By Kirchhoff Current Law applied to the x node in your circuit, we have $$ I_f= I_{in}+I_b. \tag{1} \label{1} $$ The bias current \$I_b\$ can be positive i.e. can flow from the inverting input of the OpAmp to the x node or it can be negative if it flows the other way around. Now, you want to calculate the absolute error caused on the rise rate of output voltage \$V_\mathrm{out}\$ by the presence of \$I_b\$: then, $$ \left|\Delta \frac{d V_\mathrm{out}}{d t}\right|_{I_b}=\left|\frac{d V_\mathrm{out}}{d t} - \frac{d V_\mathrm{out}|_{I_b=0}}{d t}\right|=\frac{|I_b|}{C_f} = 30\mathrm{mV/s} \tag{2} \label{2} $$ as you already calculated.

A few notes

  • You say that the slew rate of \$V_\mathrm{out}\$ is \$150\mathrm{V/s}\$ and also \$I_{in}\approx 130\mathrm{nA}\$: this cannot be even if you assume that the bias current \$I_b\$ has its maximum value. Perhaps the cause of this strong discrepancy is the tolerance of the value of \$C_f\$: a 15% tolerance can cause a slew rate error far superior to the one caused by the bias current of the OpAmp.
  • The error formula you report refers to the case of an inverting amplifier, i.e. when \$I_f\$ flows across a feedback resistor: in that case the error on the output voltage is proportional to the bias current through the value of the resistor connected between output and inverting input. In your circuit, a simple inverting integrator, there is not such resistor thus there is not such error.

An addendum

The so called "static errors" in an OpAmp are not limited to the bias currents required by the transistors in its input stages. The imperfect symmetry of these device models as an intrinsic more or less small input voltage which should be applied in order to have a zero output: this is the offset voltage \$V_\mathrm{IO}\$. Said that, the equivalent circuit of the OpAmp A above can be shown to be the following one

enter image description here

We have already accounted for \$I_b\$ (precisely \$I_{b-}\$) explicitly in the contribution to the feedback branch current \$I_f\$ (equation \eqref{1}): does the offset voltage contribute to it? Yes, but in a subtler way: the true value of \$I_{in}\$ is expressible as $$ I_{in}=\frac{V_{in}-V_{IO}}{R_{in}} $$ For a TL084 OpAmp, the typical value of \$V_\mathrm{IO}\$ is \$3\mathrm{mV}\$ up to a maximum of \$15\mathrm{mV}\$ (datasheet here). In our example, \$V_{in}\$ is \$\approx30\mathrm{mV}\$ thus, assuming a typical offset \$V_\mathrm{IO}\approx-3\mathrm{mV}\$ (its sing varies randomly, so it can add or subtract from the input voltage) we have that $$ I_{in}=\frac{30\mathrm{mV}+3\mathrm{mV}}{230\mathrm{k}\Omega}=\frac{33\mathrm{mV}}{230\mathrm{k}\Omega}\cong143\mathrm{nA} $$ The value obtained is very similar to the one the OP obtains by measuring the rise rate of the output voltage \$V_\mathrm{out}\$: this implies that the major contribution to the error on the output is due to \$V_\mathrm{IO}\$ and is precisely given by the following expression $$ \left|\Delta \frac{d V_\mathrm{out}}{d t}\right|_{V_\mathrm{IO}}=\frac{1}{C_f}\left|I_{in}-\frac{V_{in}}{R_{in}}\right|=\frac{|V_\mathrm{IO}|}{R_{in}C_f} = 13\mathrm{V/s} \tag{3} \label{3} $$ which is a far higher contribution than the one given by \$I_b\$ (equation \eqref{2}).

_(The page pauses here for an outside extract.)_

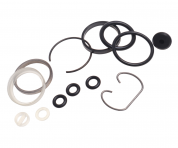 GTE Ремкомплект для домкрата GTE-TH90304 (01) прокладки и уплотнения GTE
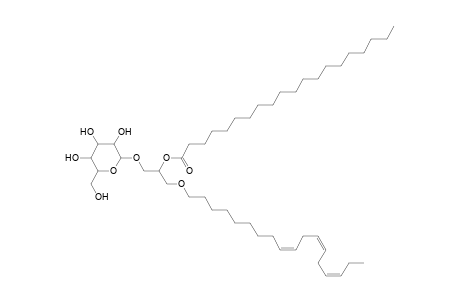 MGDG O-18:3_20:0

How to reduce the error caused by the offset voltage?

There are two possibilities

  1. Increase ten times \$V_{in}\$ and decrease ten times \$C_f\$: in this way the rise rate is kept constant while the output error caused by \$V_\mathrm{IO}\$ is decreased to one tenth. However, this means reducing the dynamic range of the input, and sometimes this is not possible nor auspicable.
  2. Change the OpAmp A with one with a lower \$V_\mathrm{IO}\$. Perhaps this is a more costly solution: however, OpAmps with a maximum \$V_\mathrm{IO}\$ \$<0.3\mathrm{mV}\$ (like this one) are easily found and not so expensive.